Jan. 11 (Bloomberg) -- Honda Motor Co., Japan’s second-largest carmaker by market value, said it will eliminate as many as 800 jobs in the U.K. this year as the European auto market may shrink for the sixth year in a row.
The manufacturer will start talks with labor representatives for the cutbacks, which it plans to implement by about the second quarter, Tokyo-based Honda said today in an e-mailed statement. The company’s plant in Swindon, England, has a workforce of 3,500 people, said Fiona Cole, a spokeswoman.
“These conditions of sustained low industry demand require us to take difficult decisions,” Ken Keir, executive vice president of Honda Motor Europe, said in the statement. “We are setting the business constitution at the right level to ensure long-term stability and security.”

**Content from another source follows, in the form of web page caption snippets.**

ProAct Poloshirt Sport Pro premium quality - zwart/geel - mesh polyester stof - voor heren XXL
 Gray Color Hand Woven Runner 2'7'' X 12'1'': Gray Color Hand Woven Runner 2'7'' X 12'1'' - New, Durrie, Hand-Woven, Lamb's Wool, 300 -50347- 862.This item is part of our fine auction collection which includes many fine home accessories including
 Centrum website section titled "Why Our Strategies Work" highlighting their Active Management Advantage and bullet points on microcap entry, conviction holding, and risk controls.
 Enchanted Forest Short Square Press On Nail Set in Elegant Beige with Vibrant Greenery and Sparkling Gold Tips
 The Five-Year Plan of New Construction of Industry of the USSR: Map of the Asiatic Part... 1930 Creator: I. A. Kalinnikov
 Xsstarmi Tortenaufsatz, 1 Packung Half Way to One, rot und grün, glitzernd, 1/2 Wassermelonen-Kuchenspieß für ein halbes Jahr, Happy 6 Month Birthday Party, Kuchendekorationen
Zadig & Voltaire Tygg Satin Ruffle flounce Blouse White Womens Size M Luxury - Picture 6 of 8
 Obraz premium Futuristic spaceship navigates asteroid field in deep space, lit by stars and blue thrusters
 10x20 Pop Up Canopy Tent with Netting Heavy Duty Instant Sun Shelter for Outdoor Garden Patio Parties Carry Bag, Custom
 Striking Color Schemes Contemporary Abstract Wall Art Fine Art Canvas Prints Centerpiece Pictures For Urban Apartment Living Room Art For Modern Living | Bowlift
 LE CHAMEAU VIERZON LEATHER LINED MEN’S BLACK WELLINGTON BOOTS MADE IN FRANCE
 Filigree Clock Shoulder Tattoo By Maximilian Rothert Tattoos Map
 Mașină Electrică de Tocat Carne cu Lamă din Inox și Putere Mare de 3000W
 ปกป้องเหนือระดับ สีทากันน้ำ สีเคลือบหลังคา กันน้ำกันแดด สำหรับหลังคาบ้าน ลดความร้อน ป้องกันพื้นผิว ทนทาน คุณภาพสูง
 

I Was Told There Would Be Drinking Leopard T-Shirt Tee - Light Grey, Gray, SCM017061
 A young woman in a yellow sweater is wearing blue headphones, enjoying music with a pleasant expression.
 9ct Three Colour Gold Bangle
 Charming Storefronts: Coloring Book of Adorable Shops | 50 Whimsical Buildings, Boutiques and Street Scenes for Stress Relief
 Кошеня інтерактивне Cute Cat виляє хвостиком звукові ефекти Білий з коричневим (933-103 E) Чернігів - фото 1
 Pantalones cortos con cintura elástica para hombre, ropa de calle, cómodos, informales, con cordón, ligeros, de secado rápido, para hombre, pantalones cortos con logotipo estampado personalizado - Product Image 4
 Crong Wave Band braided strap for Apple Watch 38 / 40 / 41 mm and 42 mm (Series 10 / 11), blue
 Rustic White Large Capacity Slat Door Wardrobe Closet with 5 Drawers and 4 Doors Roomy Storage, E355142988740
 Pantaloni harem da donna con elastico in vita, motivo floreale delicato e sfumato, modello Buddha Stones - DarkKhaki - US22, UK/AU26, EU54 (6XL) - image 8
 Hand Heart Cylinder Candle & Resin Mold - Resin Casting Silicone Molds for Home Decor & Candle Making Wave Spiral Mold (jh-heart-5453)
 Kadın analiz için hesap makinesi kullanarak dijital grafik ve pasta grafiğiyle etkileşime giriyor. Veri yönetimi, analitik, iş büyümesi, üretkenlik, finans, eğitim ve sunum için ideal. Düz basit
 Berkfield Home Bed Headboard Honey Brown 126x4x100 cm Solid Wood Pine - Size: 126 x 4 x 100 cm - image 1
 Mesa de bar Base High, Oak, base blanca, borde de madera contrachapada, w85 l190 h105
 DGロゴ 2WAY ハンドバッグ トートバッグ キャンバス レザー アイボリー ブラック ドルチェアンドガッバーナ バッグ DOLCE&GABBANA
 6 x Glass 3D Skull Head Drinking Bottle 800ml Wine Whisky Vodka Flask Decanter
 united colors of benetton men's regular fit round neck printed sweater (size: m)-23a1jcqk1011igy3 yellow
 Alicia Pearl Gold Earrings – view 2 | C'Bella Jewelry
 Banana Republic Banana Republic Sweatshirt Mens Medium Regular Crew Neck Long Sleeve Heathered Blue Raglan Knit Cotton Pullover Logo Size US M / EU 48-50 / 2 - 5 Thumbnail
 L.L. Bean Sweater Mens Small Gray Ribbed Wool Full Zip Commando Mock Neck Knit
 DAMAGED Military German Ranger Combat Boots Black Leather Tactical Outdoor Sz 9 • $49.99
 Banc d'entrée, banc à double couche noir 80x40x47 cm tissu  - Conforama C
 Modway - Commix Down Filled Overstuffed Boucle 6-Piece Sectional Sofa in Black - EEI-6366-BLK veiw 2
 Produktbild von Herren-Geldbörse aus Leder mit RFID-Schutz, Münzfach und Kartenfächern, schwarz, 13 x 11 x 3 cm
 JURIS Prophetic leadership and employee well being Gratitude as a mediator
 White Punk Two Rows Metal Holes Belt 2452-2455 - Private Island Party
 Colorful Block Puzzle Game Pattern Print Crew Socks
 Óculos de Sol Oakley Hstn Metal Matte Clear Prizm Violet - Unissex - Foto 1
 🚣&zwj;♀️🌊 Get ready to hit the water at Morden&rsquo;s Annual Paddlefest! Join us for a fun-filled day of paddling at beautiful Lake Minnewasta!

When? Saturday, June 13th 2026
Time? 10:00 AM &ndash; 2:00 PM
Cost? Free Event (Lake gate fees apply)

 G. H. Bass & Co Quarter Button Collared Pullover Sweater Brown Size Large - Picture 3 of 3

Car sales across Europe are declining as unemployment and a recession in the countries using the euro discourage consumers from making large purchases. PSA Peugeot Citroen, Europe’s second-biggest carmaker, forecast on Jan. 9 that the market will shrink by as much as 5 percent this year.
Among Japan’s three biggest carmakers, Honda is the least reliant on Europe, with the region accounting for only about 7 percent of total revenue, compared with about 11 percent at Toyota Motor Corp. and 15 percent at Nissan Motor Co., according to estimates at BNP Paribas SA.
Honda’s 11-month sales in Europe fell 6.2 percent from a year earlier to 131,348 vehicles, propelled by a 15 percent drop in November. That compares with a 7.2 percent industrywide contraction in the period to 11.7 million cars, according to the European Automobile Manufacturers’ Association.